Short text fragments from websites
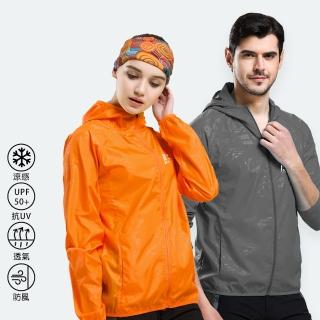 【KissDiamond】防風防曬防潑水超輕抗UV外套(抗曬/防風/口袋/連帽/輕巧/好收納/9色可選 S-4XL)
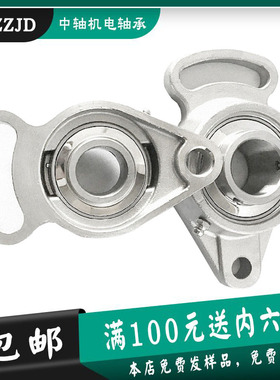 不锈钢外球面轴承可调式菱形带座SUCFA202 203 204 205 SUCFA206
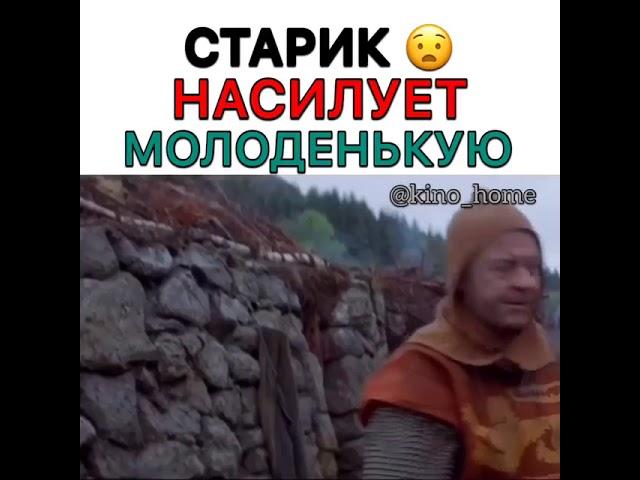 Старик насилует молоденькую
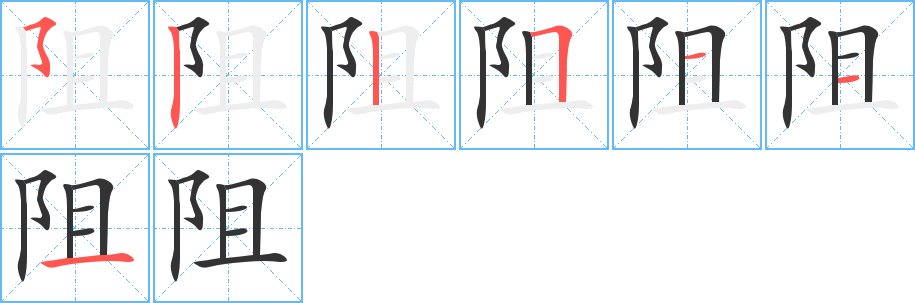 阻字的筆順分步演示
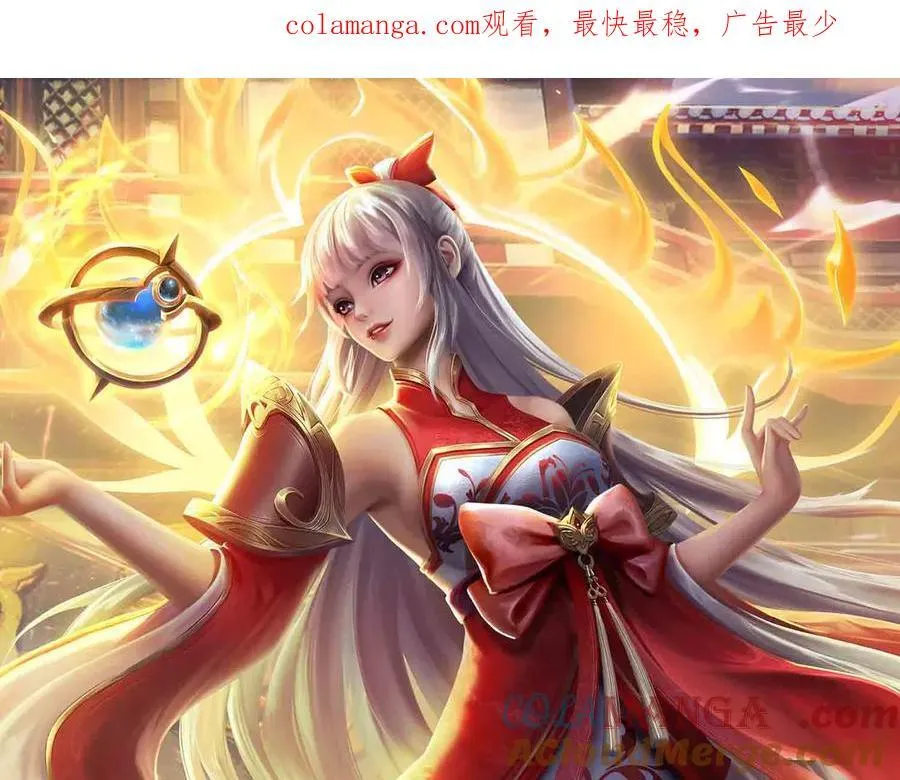 第350话 机缘争夺，神之遗骨0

### How to complete this task
Restate the data above word for word. Skip every picture.

### Result of the exercise
 【KissDiamond】防風防曬防潑水超輕抗UV外套(抗曬/防風/口袋/連帽/輕巧/好收納/9色可選 S-4XL)
 不锈钢外球面轴承可调式菱形带座SUCFA202 203 204 205 SUCFA206
 Старик насилует молоденькую
 阻字的筆順分步演示
 第350话 机缘争夺，神之遗骨0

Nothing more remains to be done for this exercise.